The Scone Lady, aka my mom, came down for a few days last week to help me with baby Bert and things around the house. Can I just say she's the best? She spent a lot of time in the kitchen making meals and putting together zucchini bread for the freezer and cucumber and onion pickles for the fridge. I wish I could say I had more of a hand in things, but mostly I held the baby and directed her to pans and ingredients in the kitchen.
I also got her to make a batch of scones I saw in a magazine. Because I was holding the baby, I don't have pictures of the process but here's the recipe.

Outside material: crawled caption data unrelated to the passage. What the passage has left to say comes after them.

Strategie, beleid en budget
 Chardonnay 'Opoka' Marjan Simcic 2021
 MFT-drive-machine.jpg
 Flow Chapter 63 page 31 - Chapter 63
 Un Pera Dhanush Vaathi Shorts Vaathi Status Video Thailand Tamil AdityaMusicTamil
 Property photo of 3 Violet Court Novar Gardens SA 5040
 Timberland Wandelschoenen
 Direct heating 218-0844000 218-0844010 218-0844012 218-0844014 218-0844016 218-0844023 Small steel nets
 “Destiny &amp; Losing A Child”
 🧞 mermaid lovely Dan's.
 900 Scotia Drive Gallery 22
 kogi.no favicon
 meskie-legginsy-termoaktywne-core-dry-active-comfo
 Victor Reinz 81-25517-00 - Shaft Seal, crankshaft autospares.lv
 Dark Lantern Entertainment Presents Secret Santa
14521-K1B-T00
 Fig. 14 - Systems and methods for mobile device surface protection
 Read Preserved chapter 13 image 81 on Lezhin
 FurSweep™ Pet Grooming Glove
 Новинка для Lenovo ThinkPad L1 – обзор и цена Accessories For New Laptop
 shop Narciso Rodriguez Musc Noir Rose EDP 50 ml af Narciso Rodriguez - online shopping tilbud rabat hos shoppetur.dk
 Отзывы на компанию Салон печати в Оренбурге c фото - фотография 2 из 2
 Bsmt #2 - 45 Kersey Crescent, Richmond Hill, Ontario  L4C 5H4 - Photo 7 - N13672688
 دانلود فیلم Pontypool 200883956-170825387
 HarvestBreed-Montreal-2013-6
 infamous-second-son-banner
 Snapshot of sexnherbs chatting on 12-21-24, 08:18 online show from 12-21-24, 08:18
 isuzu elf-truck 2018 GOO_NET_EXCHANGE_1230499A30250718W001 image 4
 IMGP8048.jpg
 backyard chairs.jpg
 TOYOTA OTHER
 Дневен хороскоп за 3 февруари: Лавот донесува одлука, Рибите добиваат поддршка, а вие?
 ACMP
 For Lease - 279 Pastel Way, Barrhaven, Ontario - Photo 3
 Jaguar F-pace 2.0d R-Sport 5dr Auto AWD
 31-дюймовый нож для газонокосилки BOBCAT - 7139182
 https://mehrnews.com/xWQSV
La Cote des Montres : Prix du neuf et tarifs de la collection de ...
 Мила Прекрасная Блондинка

Savory Double-Walnut Scones (Better Homes and Gardens, August 2011)
1 1/4 c. walnuts
2 1/4 c. all-purpose flour
2 tsp. baking powder
1/2 tsp. baking soda
1/4 tsp. salt
1/2 c. cold butter
4 oz. Gruyere cheese, shredded (1 cup)
1/2 tsp. dried thyme, crushed or 1 1/2 tsp. snipped fresh thyme
1 egg, lightly beaten
1 c. buttermilk
1 Tbsp. honey
1 Tbsp. Dijon-style mustard
Shredded Gruyere cheese, chopped walnuts, and snipped fresh thyme (optional)
1. Preheat oven to 350 degrees. Place 1 1/4 c. walnuts on a baking sheet. Bake for 7 minutes or until toasted. Coarsely chop 1 c. of the walnuts. Finely grind remaining walnuts; set aside. (We skipped grinding the walnuts and just used the 1 cup.) Increase oven temp to 375 degrees.
2. In a large bowl combine flour, finely ground walnuts, baking powder, baking soda, and salt. Using a pastry blender, cut in butter until mixture resembles a coarse meal. Stir in the 4 ounces Gruyere, 1 cup chopped walnuts, and thyme. Make a well in center of flour mixture. In a small bowl, combine egg, buttermilk, honey, and mustard; add all at once to flour mixture. Using a fork, stir just until moistened. (Mom prefers to mix scones with her hands rather than the pastry blender and fork.)
3. Turn dough out onto a lightly floured surface. Knead dough by folding and gently pressing it for 10 to 12 strokes or until nearly smooth. Divide in half. Pat or lightly roll each half to a 3/4-inch thick circle, about 6 inches in diameter. Cut each circle in 8 triangles. Place triangles 2 inches apart on greased baking sheet. (Mom bakes scones on parchment paper.) Bake 18 to 20 minutes or until golden.
4. Transfer to cooling rack. If desired, top with additional cheese, walnuts, and thyme. Serve warm. Makes 16 scones.
They were delicious. Perfect for lunch. Or breakfast. Or a snack.
I think any hard, sharp cheese (like an extra sharp cheddar) would work just fine so you don't have to shell out the extra dough for the Gruyere.